I know I can save my lambda expression as a string and then call eval on it.
However, is there a more Pythonic solution for this problem? I do not feel much comfortable with OO in Python, but I am open for suggestions.

I would adhere to the Zen of
Python in particular
"Explicit is better than implicit" and "Readability counts".
So having your functions as readable strings defining lambda's is a
good idea, although, for security reasons, calling eval on the loaded string
representation of the lambda might not be. This
again depends on who has modification access to the file and on which
system they run.
In general you should not care too much if someone can
(non-inadvertedly) inject something resulting in recursive removal of
all files on a system, if they have login access rights with which
they can do so anyway. However if e.g. the software runs on a remote
system and these files can be edited via some web interface, or if the
file changes can be made by someone else than the person using the
files, this is something you should take into account.
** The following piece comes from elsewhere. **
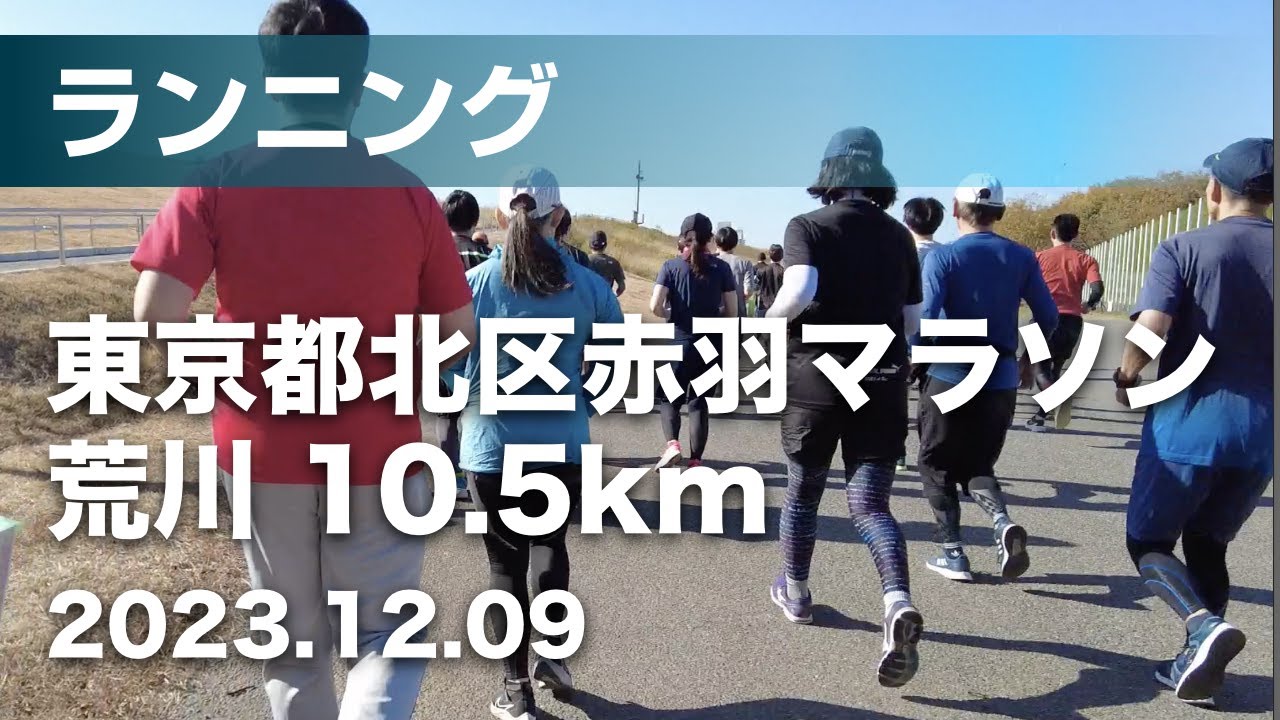 東京都北区赤羽マラソン ワンクォーター10.5km を走ってきた [2023.12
If the lambdas come from a fixed set, you can just use
their string representation as a lookup:
lambdas = {}
for l in [
'lambda x,y: x+y',
'lambda x: (x**3)/2',
# some more
]:
lambdas[l] = eval(l)
You can then use the string loaded from your configuration YAML to get
the actual lambda and that string cannot be tampered with, as it has
to match the available set of lambdas you provided. You can of course
load the actual lambda strings from a file that only you can change,
instead of hard-coding them in the source code.
This is IMO more
explicit than dumping the actual lambda resulting in YAML looking like:
!!python/name:__main__.%3Clambda%3E
, something which requires unsafe loading of the YAML document anyway.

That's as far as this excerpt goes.